Required action: Each entry below should be returned exactly as is, with the pictures removed.

======== Study material ========

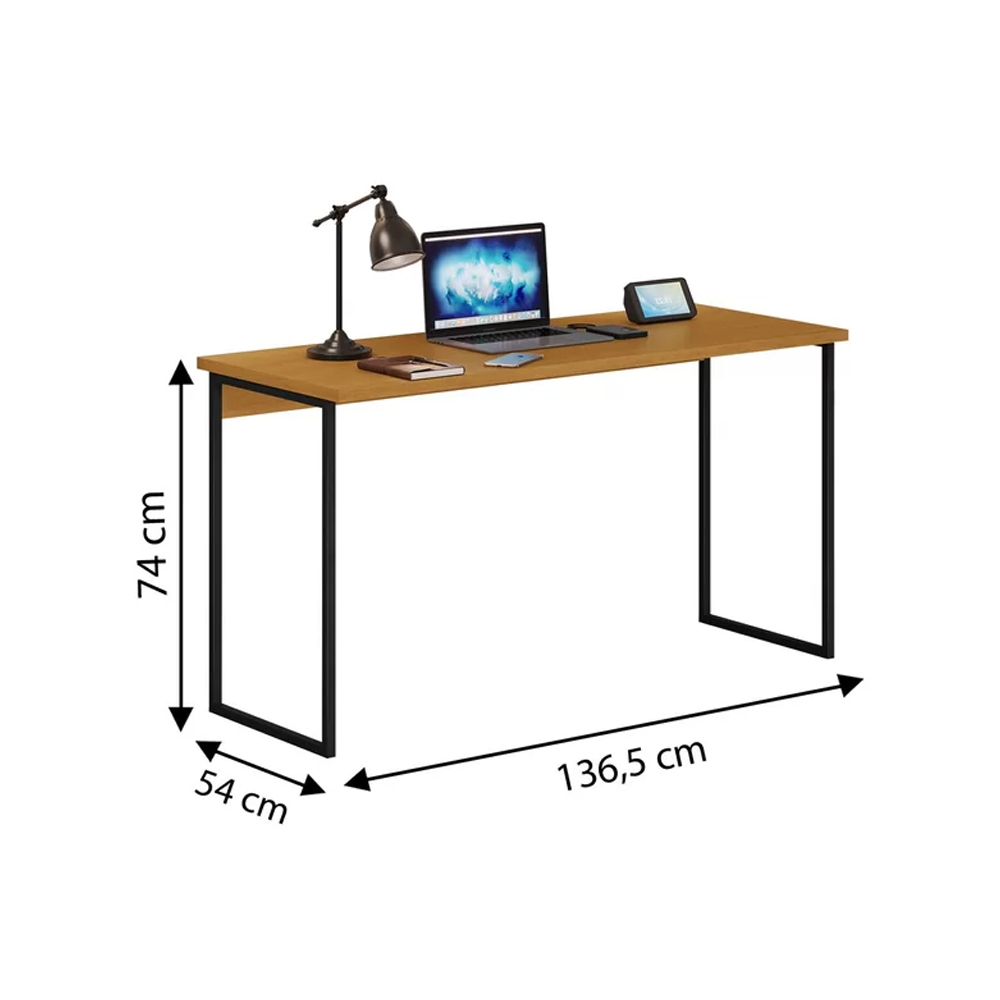 Escritorio Estilo Industrial Tapa De Mdp Patas De Hierro Cafe - Imagen 2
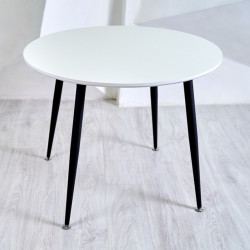 Стол круглый кухонный (дерево, МДФ, HPL) Ont- Лоренцо Белый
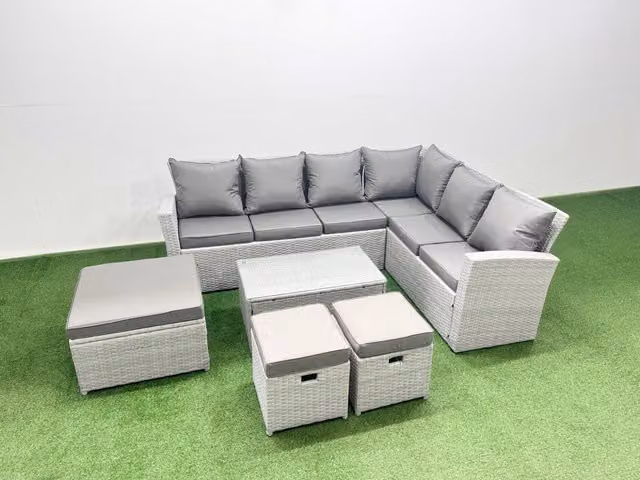 Fimous Garden 9 Seater Outdoor Rattan Furniture Set in Light Grey
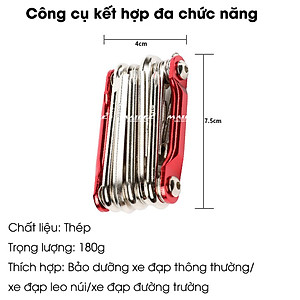 Lục giác sửa chữa xe đạp T-25 11 in 1, bao gồm các dụng cụ đủ loại như đinh vít, lục giác, cắt xích và nạy lốp - Mai Lee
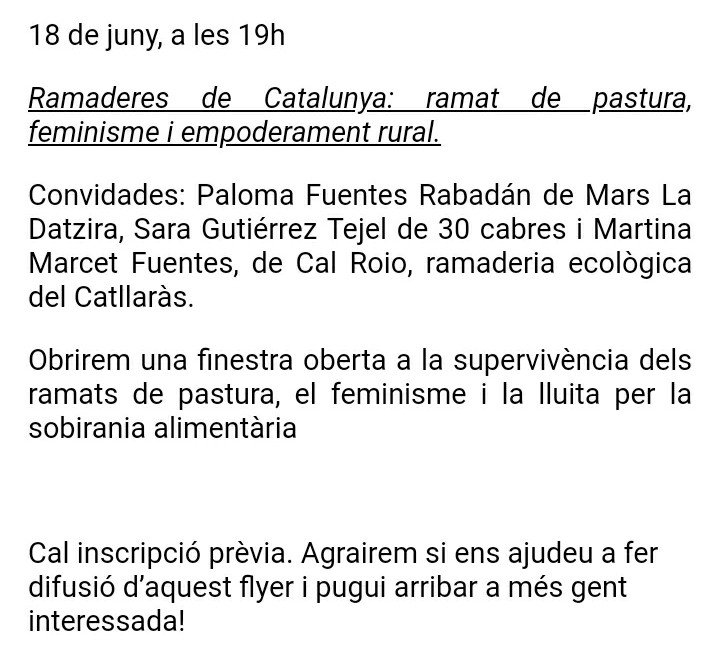 uniopoblenou's tweet photo. 🐐Ramat de pastura, feminisme i empoderament rural 🐐

La nostra Paloma estarà a #BCN participant en aquest acte amb altres companyes de @ramaderescat 
🗓️Prox. martes 18
⏰19h 
📍Biblio Bonnemaison @bibfbonnemaison 
Inscripció: 93 268 73 60 📩 https://t.co/LMFSpHPzi3 .fb@diba.cat https://t.co/eRIfqbm99V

========

Reply to the exercise:
 Escritorio Estilo Industrial Tapa De Mdp Patas De Hierro Cafe - Imagen 2
 Стол круглый кухонный (дерево, МДФ, HPL) Ont- Лоренцо Белый
 Fimous Garden 9 Seater Outdoor Rattan Furniture Set in Light Grey
 Lục giác sửa chữa xe đạp T-25 11 in 1, bao gồm các dụng cụ đủ loại như đinh vít, lục giác, cắt xích và nạy lốp - Mai Lee
 uniopoblenou's tweet photo. 🐐Ramat de pastura, feminisme i empoderament rural 🐐

La nostra Paloma estarà a #BCN participant en aquest acte amb altres companyes de @ramaderescat 
🗓️Prox. martes 18
⏰19h 
📍Biblio Bonnemaison @bibfbonnemaison 
Inscripció: 93 268 73 60 📩 https://t.co/LMFSpHPzi3 .fb@diba.cat https://t.co/eRIfqbm99V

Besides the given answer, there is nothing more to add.